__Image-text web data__
- - - - -

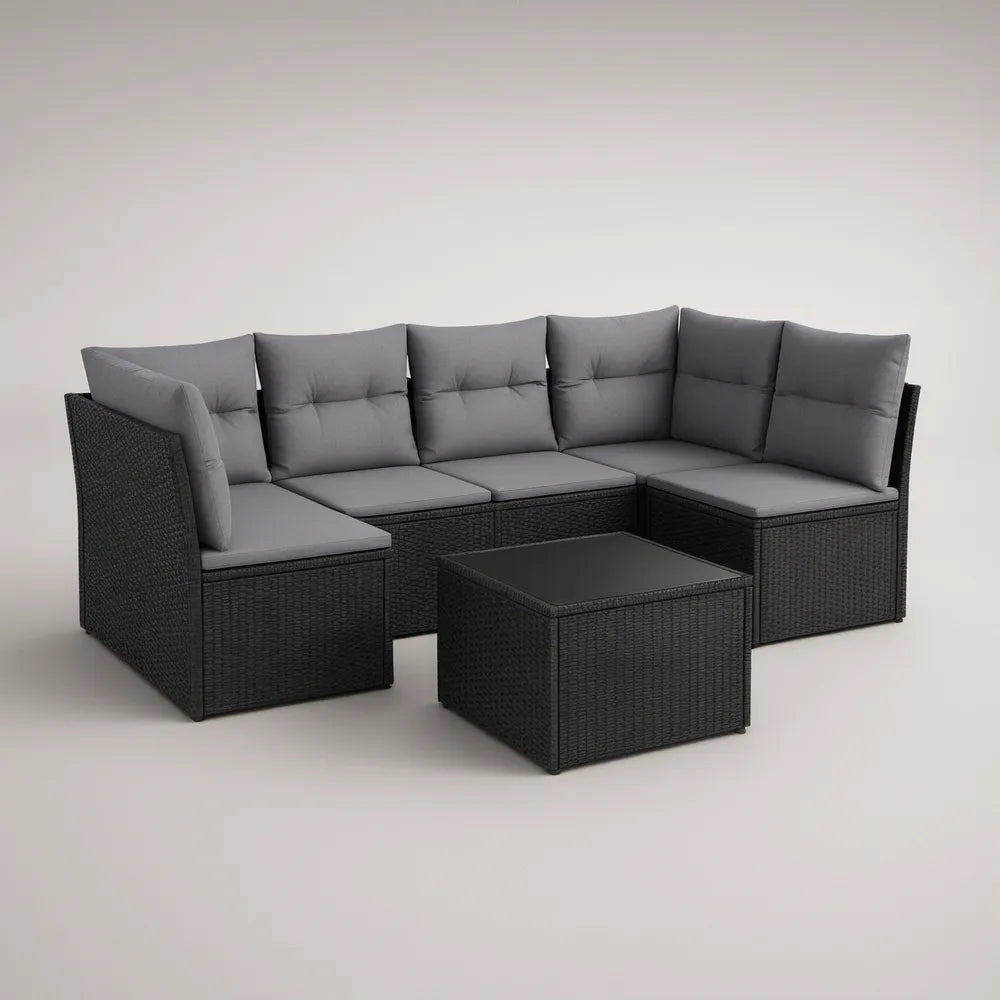 Conjunto modular de exterior em canto com mesa, 280 x 70 x 60 cm, Preto e Cinzento-escuro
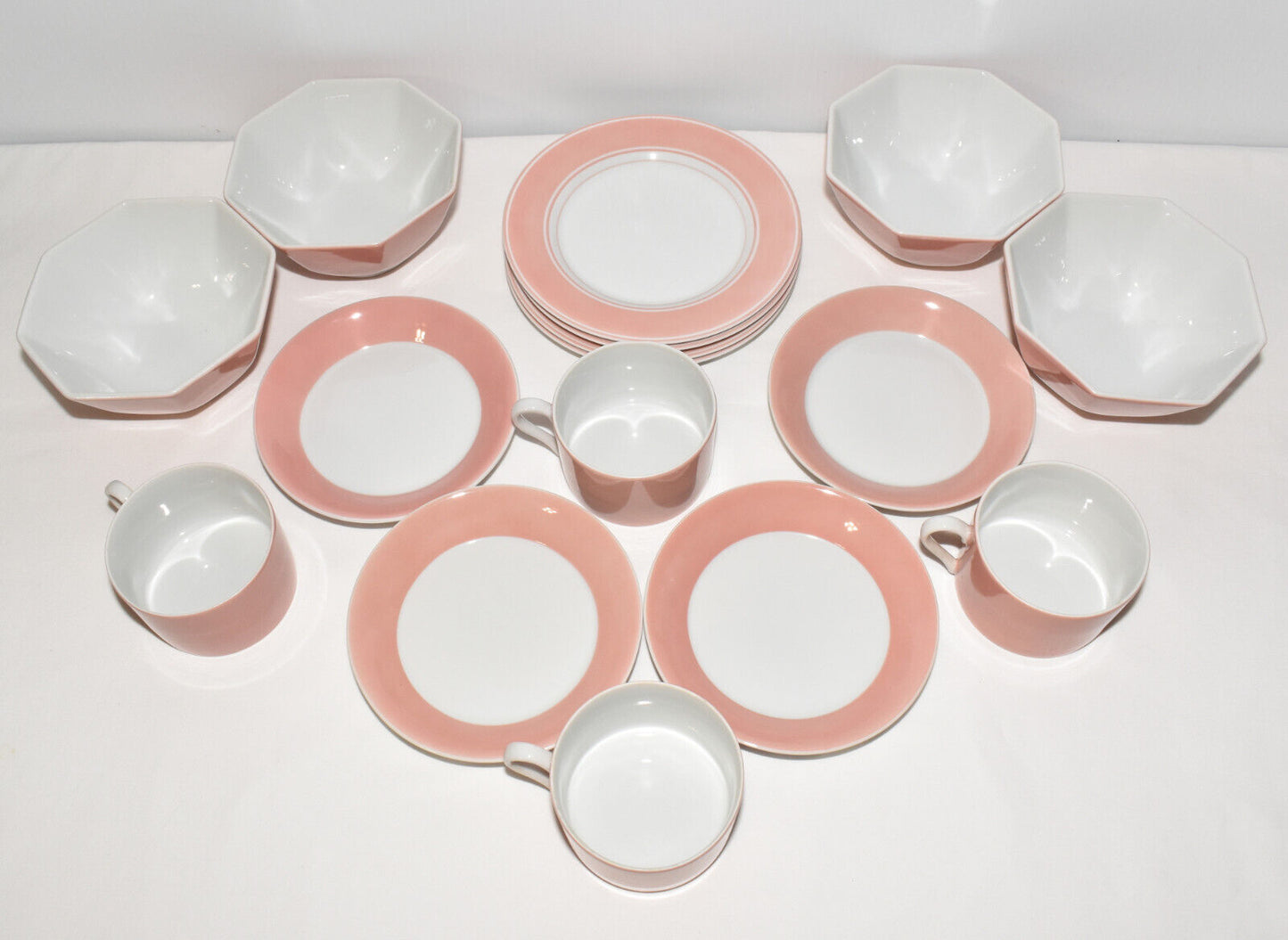 Vintage Fitz & Floyd Fine China Pink Rondelet Luncheon Set Plates Bowls Cups 16PCS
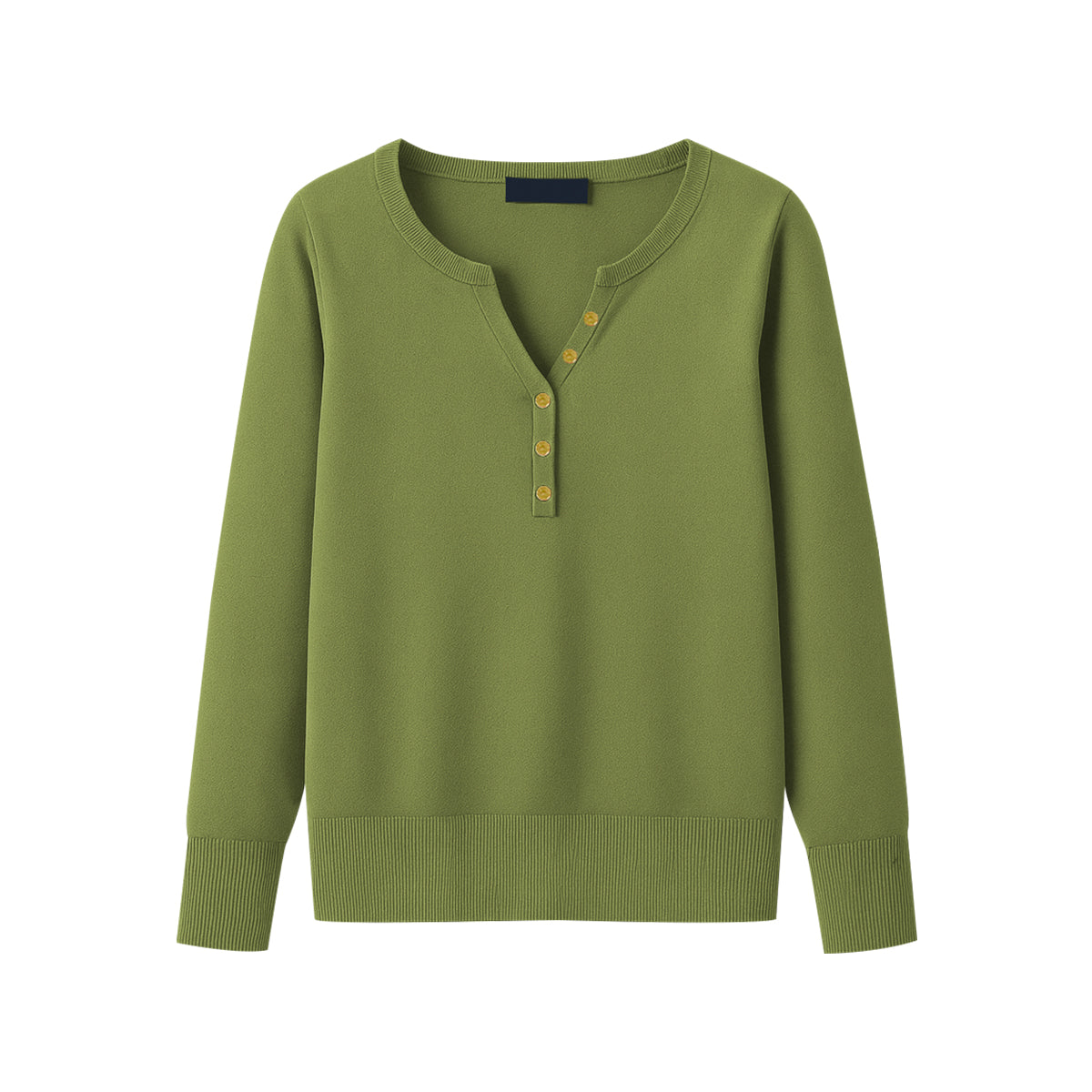 Womens Premium Long Sleeve Soft Knit Henley Sweater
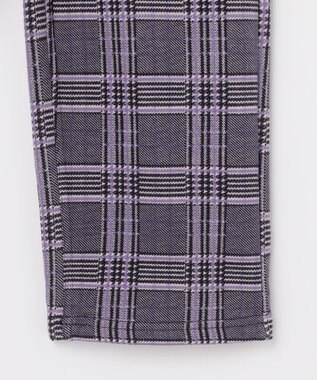 ANY KIDS レースアップ 裏シャギーワイドパンツ ブラック×チェック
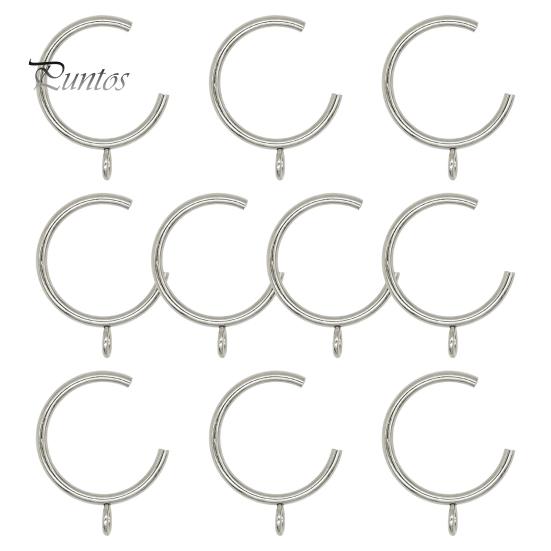 Silent Curtain Hooks for Rods 10Pcs C Shaped Rings, Heavy Duty Bypass Metal Anti Rust Hardware Passing Drapery Rings with Eyelets French Return Smooth
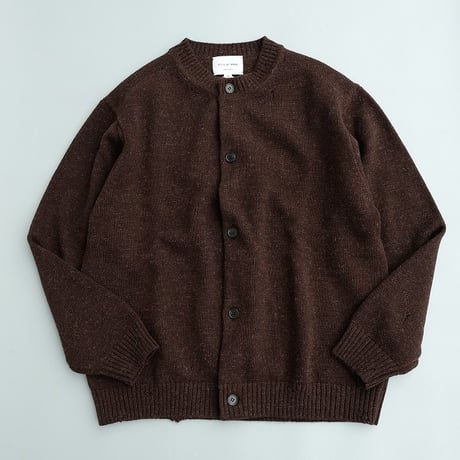 STILL BY HAND(スティルバイハンド)　　  Punched shetland cardigan　　KN06263　　　　DARK BROWN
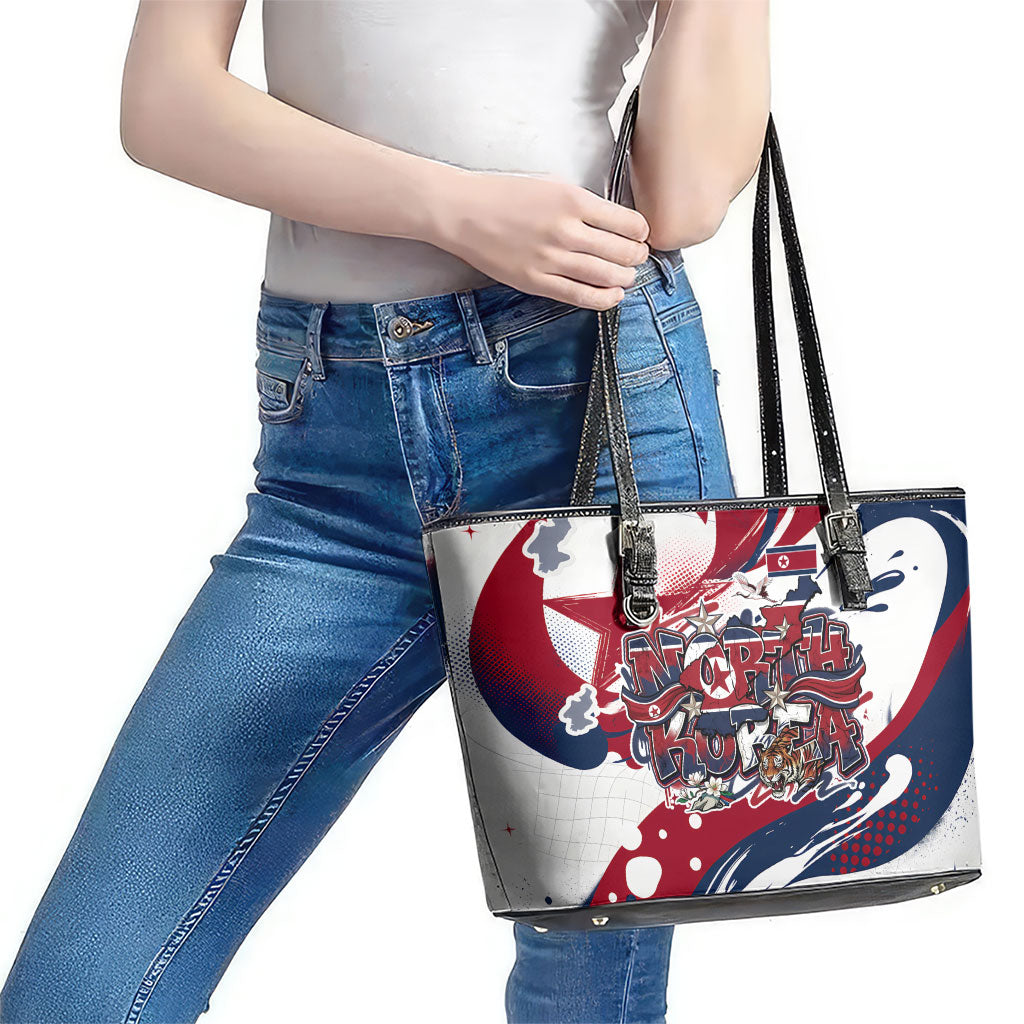 North Korea Flag Day Rise With The Flag Leather Tote Bag Dynamic Red Star Paint Splatter With Tiger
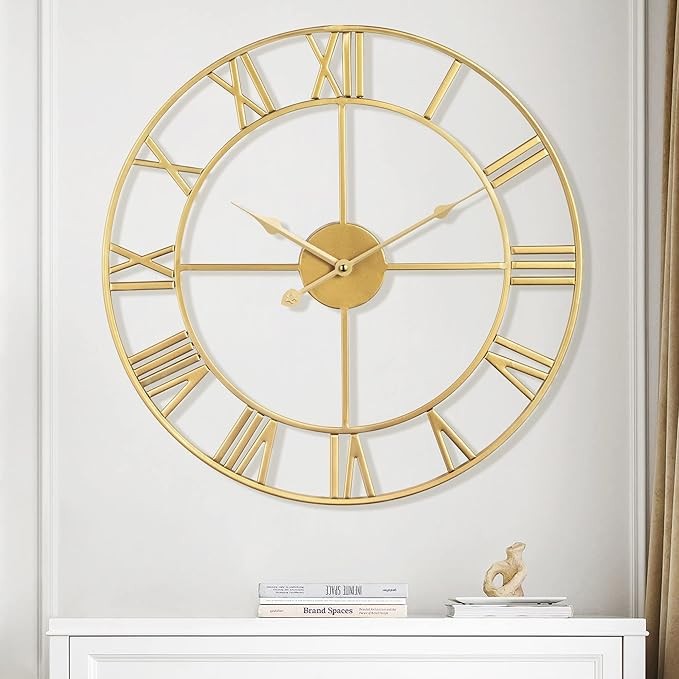 Large 40cm Gold Roman Numeral Wall Clock Silent Metal Vintage Home Decor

- - - - -

Exact copies of the lines from the one containing "Vintage Fitz &" through the final line of the data are required; pictures are to be omitted.

__Finished task__
 Vintage Fitz & Floyd Fine China Pink Rondelet Luncheon Set Plates Bowls Cups 16PCS
 Womens Premium Long Sleeve Soft Knit Henley Sweater
 ANY KIDS レースアップ 裏シャギーワイドパンツ ブラック×チェック
 Silent Curtain Hooks for Rods 10Pcs C Shaped Rings, Heavy Duty Bypass Metal Anti Rust Hardware Passing Drapery Rings with Eyelets French Return Smooth
 STILL BY HAND(スティルバイハンド)　　  Punched shetland cardigan　　KN06263　　　　DARK BROWN
 North Korea Flag Day Rise With The Flag Leather Tote Bag Dynamic Red Star Paint Splatter With Tiger
 Large 40cm Gold Roman Numeral Wall Clock Silent Metal Vintage Home Decor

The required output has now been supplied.